In order to define dependencies you have to create a vector of JobDependencies. This is done automatically when extending the System class through template parameters and writeable/readonly is determined through the constness of the type in the template parameter.

In use this would look something like this ->

class MeshRenderingSystem : public 
System<SceneSingleton, const MeshRenderer, const SpriteSheetComponent, const Transform>
{
public:
    void Update(registry_handle& aView) override;    
}

To make it easier for the programmers I’ve forwarded regular entt functions through a SystemRegisterView which constrains the functions to only use the previously specified types and also automatically resolves the constness of the defined types making it extremely easy to switch between readonly and writeable when necessary.

Performance

Real-world scenario

Threaded

~19ms

Synchronous

~22ms

~3ms difference

Removed big blocker from scenario above

~3.5ms

~5ms

~1.5ms difference

Closing Thoughts

I think it’s interesting that the difference of threading to single threaded performance isn’t that large considering that there are multiple systems that are parallelized. It reminds me of a talk given at GDC 2015 about multithreading the Destiny 2 engine where they mentioned that the ideal duration of a job is around (0.5ms - 2ms) but in my scenario most of my parallelizable jobs are running for < 0.2ms which proves their point. It might’ve saved some time but the overhead of having dependencies and waking up sleeping threads cuts into those profits. The only place that the threading did see measurable difference was where it could correctly identify multiple big systems and run them in parallel

I think that the auto threading of systems is a really good in concept but it’s still important to think about how the threading is done and to make sure that your systems are flexible in their update order to allow maximum concurrency. I think there’s probably some overhead that could be optimized but more importantly I think if I were to structure the data correctly and bundle some systems together to try to hit the 0.5ms - 2ms uptime for a job as well as think more about threading the game more I would probably get way better results.
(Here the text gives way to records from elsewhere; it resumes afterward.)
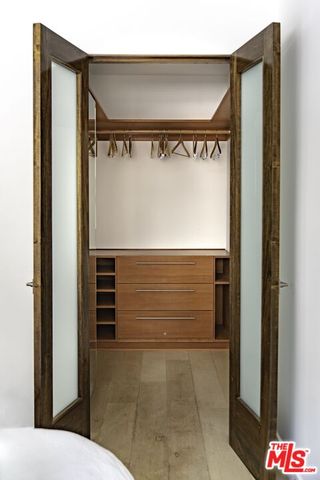 a view of water heater room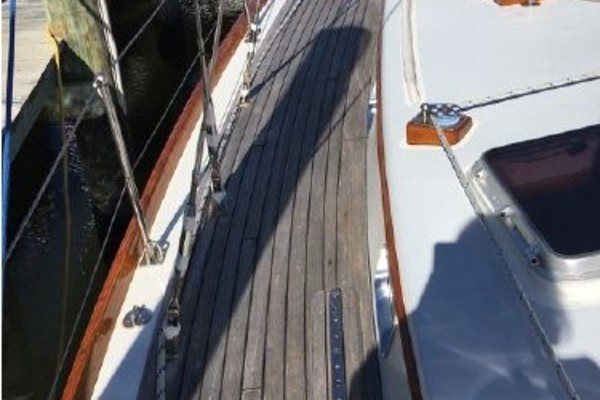 Atalanta 44ft Little Harbor Yacht For Sale Atalanta 44ft Little Harbor Yacht For Sale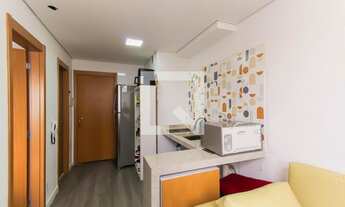 Imagem 4: Apartamento à Venda - Belém, 1 Quarto, 28 m2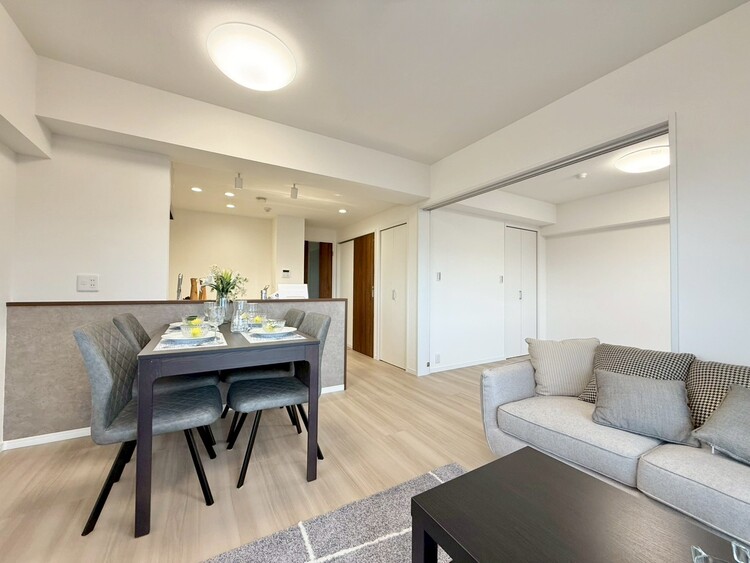 その他 充実した生活は伸びやかな居室空間から始まります。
Unrelated to performance, I still haven’t constrained the developer perfectly as systems outside of entt will need to be correctly synced in another way. One way to enforce these types of syncs is to develop an execution engine just like how the Destiny 2 did, where you can validate that all handles to all systems have properly been requested by the program and if two threads ever try to access the same resource you could assert to make sure you don’t get race conditions.